So the correct answer would be 'it updates the pixels and holds them as fast as it's able to', otherwise running a panel at 288, 240,144,120, 90, 60hz would all look distinctly different. It's like how RAM works, in that the physical panel is being told to hold the pixel at a value, and you're changing the value through the display driver.

 

Here's a FPGA display driver without a framebuffer, http://hackaday.com/2011/09/09/putting-laptop-lcds-to-use-with-an-fpga/

So while we're talking about HDMI at 60hz, the LVDS is running at 500Mhz.

 

Here's a FPGA display driver with a framebuffer http://blog.tkjelectronics.dk/2012/10/lvds-display-controller-for-microprocessors/

Kimset, would it not be possible, with the right display driver, to perform the scaling and update each line in realtime? This would create just a handful of scanlines worth of lag.

 

For instance, the display analyzes the input signal to determine the input and output resolution. From there a matrix is applied to each row using a fast bilinear scale algorythm to determine exactly what percentage of each input scanline gets blended into each output scanline. A similar algorythm is applied at the pixel level for all pixels scaled into each scanline. There is no frame buffer but a half dozen or so lines must be buffered to handle the bilinear scale algorythm. As a result, and with minimal delay, the main display gets updated one line at a time, at a rate wholly dependant upon the vertical rate of the input signal multiplied by the scale ratio of input lines to output lines.

 

Such a hypothetical display would be able to push pixels to the screen almost in realtime, with an overall display lag of well under one millisecond.

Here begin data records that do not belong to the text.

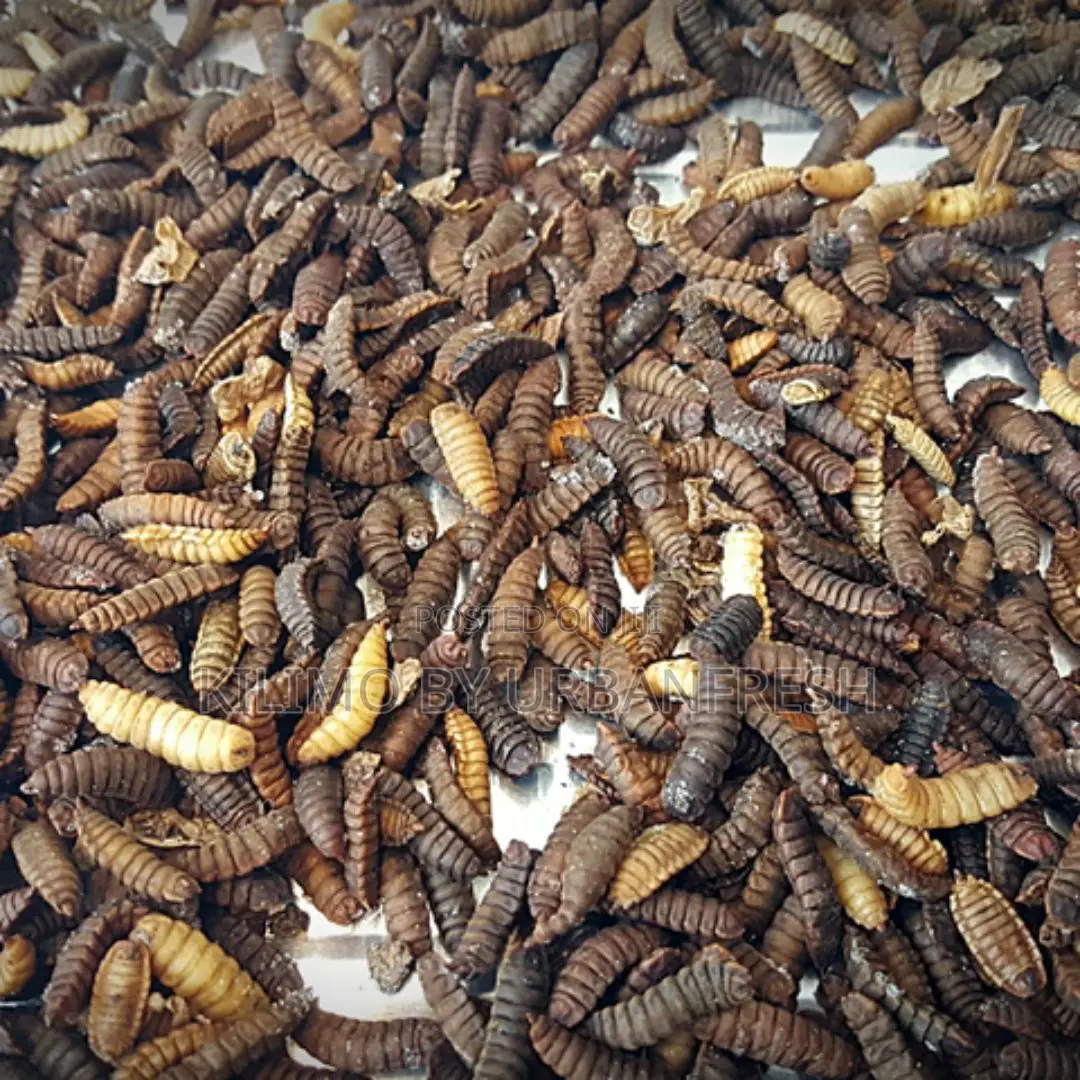 Black Soldier Live Pupae (1kg)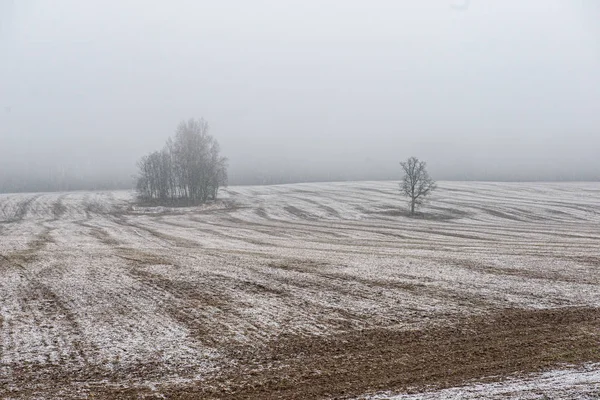 冬に雪が降る霧の野原と草原 — ストック写真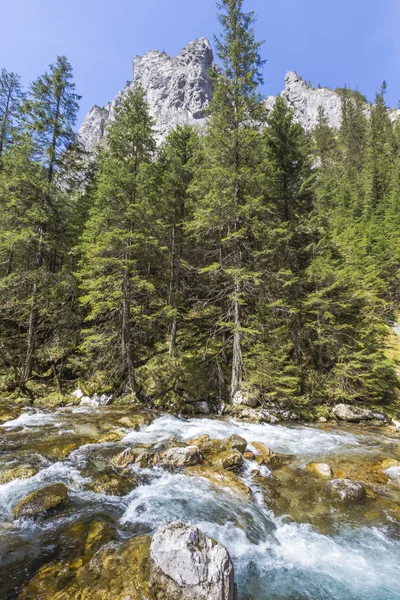 Nationaal Park Koscieliska Valley - Tatra gebergte, Pools. — Stockfoto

It would also tolerate signals with out of sync timings, provided each frame has consistent number of scanlines. A similar processor could take analog signal such as 240p, convert it line-by-line to 720h (horizontal pixel width), repeated 240 times per frame. The one downfall is such processing wpuld be treated as progressive since interlaced signals are incompatible with realtime processing on progressive display tech, so 480i content would be processed as 240p60, with some small offset of the lines during odd frames. Likewise, 1080i gets treated as 540p60.

 

I don't see why a display with sub-millisecond lag could not be achievable by refreshing the LCD one line at a time, even with bilinear scaling applied to the image. Even with an "update once per frame" display driver, realtime bilinear scaling should be possible without buffering the entire input frame before pushing to the display. My ASUS monitor I use for gaming has 9ms rating on displaylag.com for instance, so it must be possible on some existing displays, since buffering a single frame cost 16ms.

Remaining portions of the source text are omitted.